Nesse cenário, o Comitê de Gestão Estratégica do TJ-PR, centralizado na 2.ª vice-presidência, tem trabalhado desde 2009 para tentar definir que caminho tomará até o fim deste ano. Em entrevista à Gazeta do Povo, o juiz auxiliar Helder Taguchi explicou que o tribunal deve finalizar um estudo em junho que determinará se serão criados juizados especiais da Fazenda Pública com estrutura nova ou se um juizado já existente terá sua competência transferida. Segundo o magistrado, ainda é difícil saber se haverá uma onda de ações reprimidas.

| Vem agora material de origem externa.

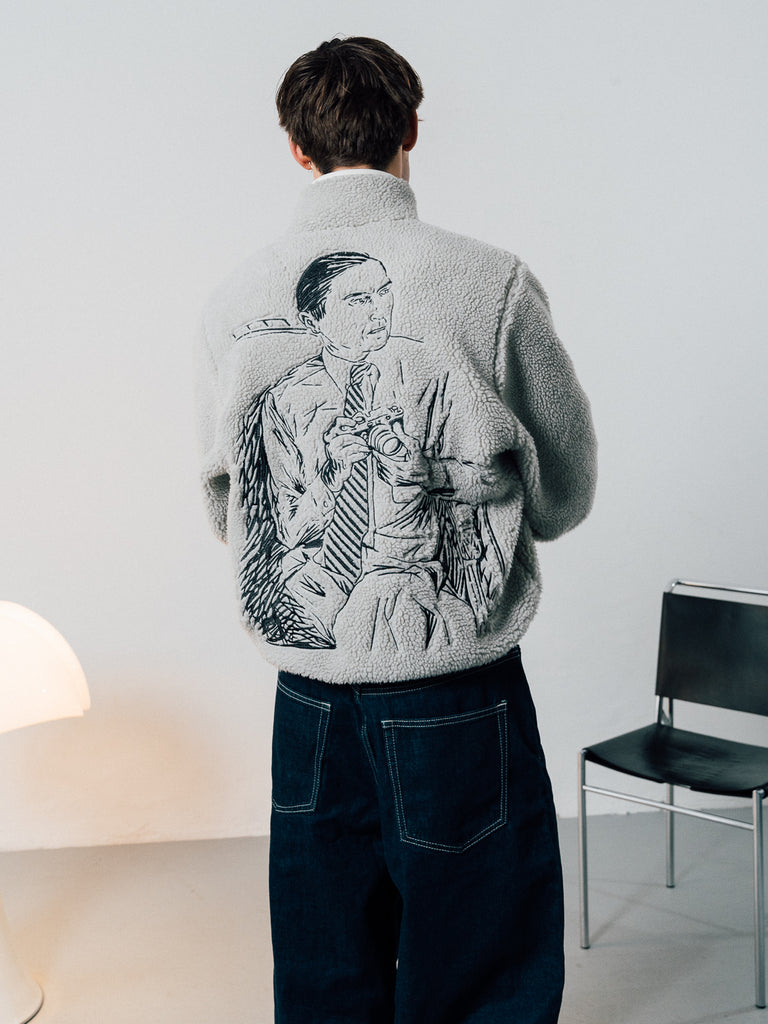 Le Regardeur | Fleece Jacket Stone Grey - maezen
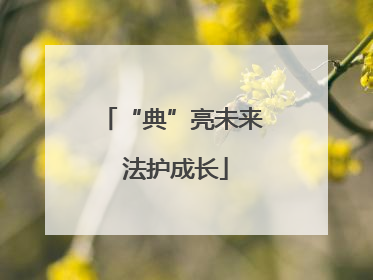 “典”亮未来 法护成长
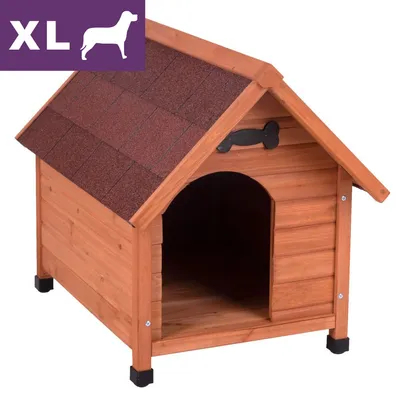Wooden outdoor pet house with pitched roof, open entrance and XL size indicator in top left corner. Wooden outdoor pet house with pitched roof, open entrance and XL size indicator in top left corner.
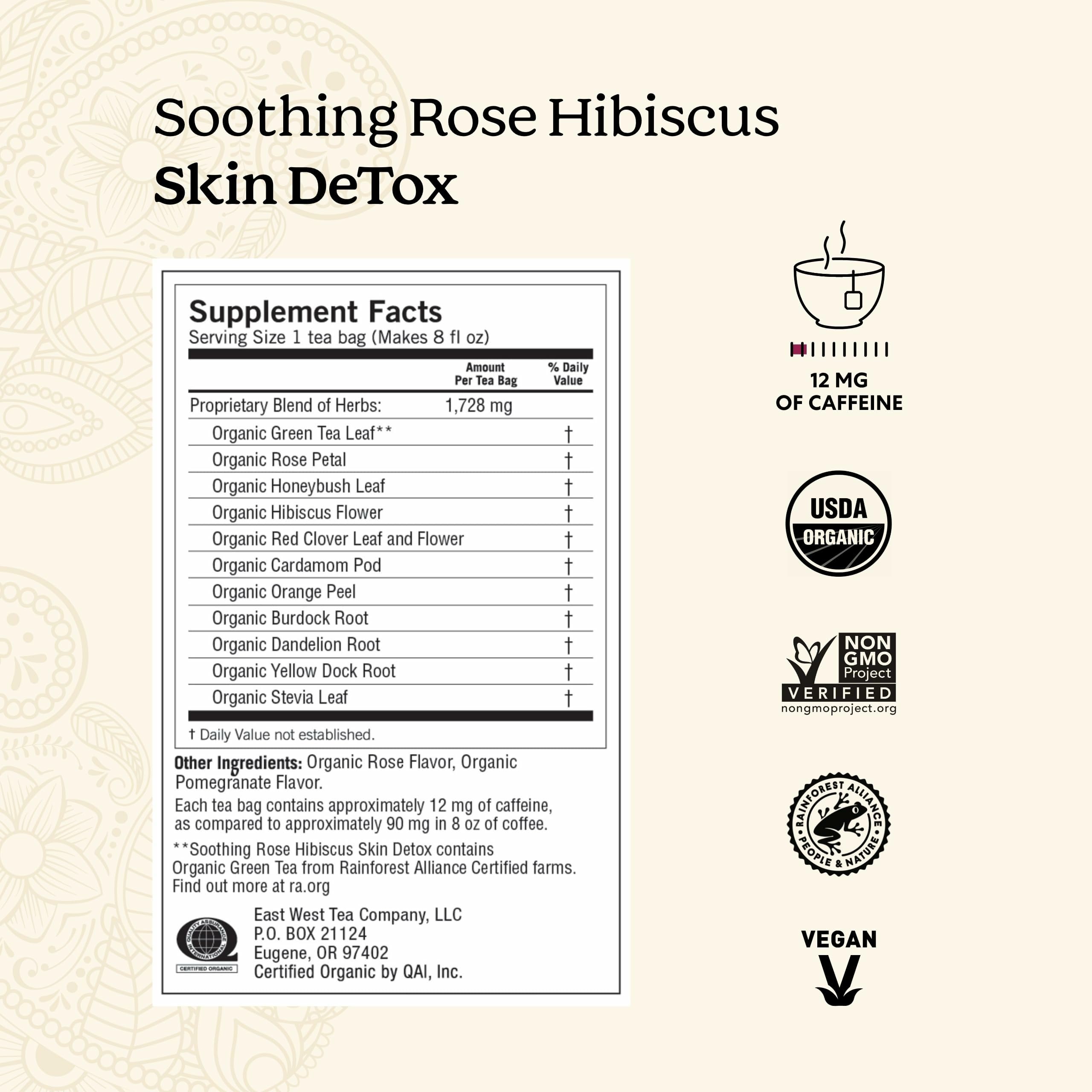 Yogi Soothing Rose Hibiscus Tea cup with steam for a floral skin health ritual.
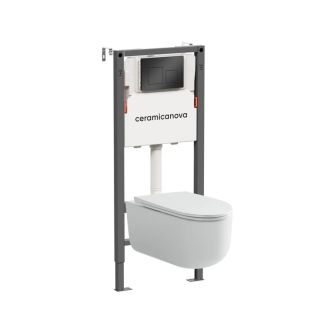 Комплект Ceramicanova подвесной унитаз Ulma Rimless+ инсталляция Balance кнопка Square чёрный матовый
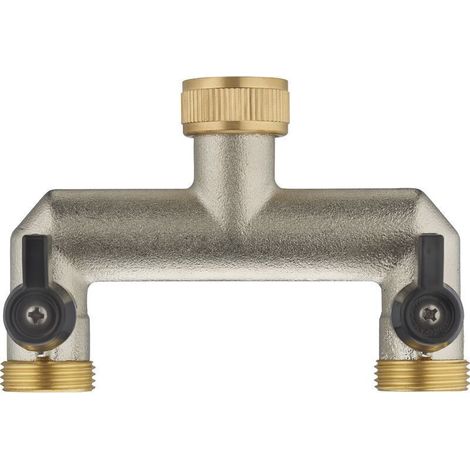 Raccord Nez de Robinet d'Arrosage Automatique en Laiton Double Sortie Droite (1/3)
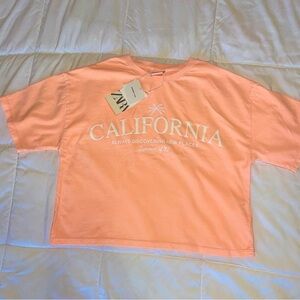 Zara Coral California Graphic Tee
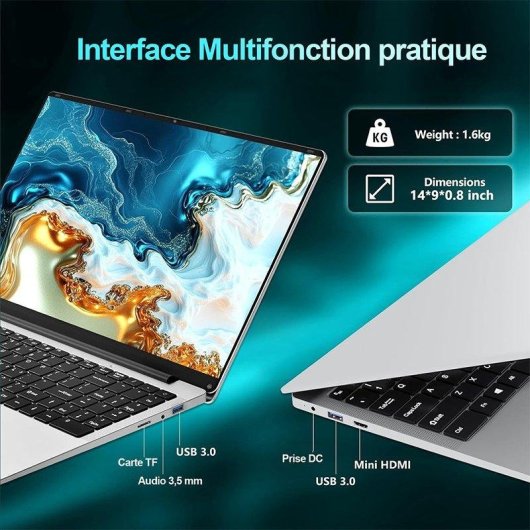Portátil Funyet Ecobook 15.6" Intel Celeron N4000 8GB 256GB SSD Windows 11 Pro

A vantagem da criação de uma estrutura nova será a celeridade dos processos. Já a outra opção poderá sobrecarregar juízes. Segundo Taguchi, por lei, o prazo termina mesmo em junho de 2015, pois é direito do tribunal ter ainda mais seis meses de fôlego.
Em Curitiba, demanda reprimida pode chegar a 90%
As causas contra estado e municípios não chegam a representar 1% da demanda atual dos juizados especiais no Paraná. Por isso, o número pode reforçar a tendência de demanda reprimida, assim como levanta a desconfiança do TJ-PR também para a inexistência dela. Com a dificuldade em saber se haverá ainda mais demanda, o TJ-PR tem tentado estabelecer parâmetros para tomar a decisão mais acertada. Para isso, tem comparado Curitiba com outras cidades.
Em 2013, o total de ações em juizados especiais da Fazenda Pública representou apenas 10% do que foi ingressado nos juizados de Goiânia, que tem competência plena na área desde 2009. Com base nessa comparação, há chances de que aumente em 90% a demanda em Curitiba.
Como casos da Fazenda Pública possibilitam a tutela antecipada, aumenta em mais um o número de recursos possíveis durante o processo, no caso o agravo de instrumento. Por isso, o Comitê de Gestão Estratégica do TJ-PR já sugeriu a criação de mais oito vagas de juízes para as turmas recursais.
Debate nacional
A demanda reprimida dos juizados especiais de Fazenda Pública será um dos focos do debate do Fórum Nacional dos Juizados Especiais (Fonaje), que ocorrerá entre 21 e 23 de maio em Foz do Iguaçu. "Essa questão é de interesse de todo o Brasil, que tenta imaginar qual vai ser essa demanda", afirma o juiz auxiliar da 2.ª vice-presidência do TJ-PR, Helder Taguchi.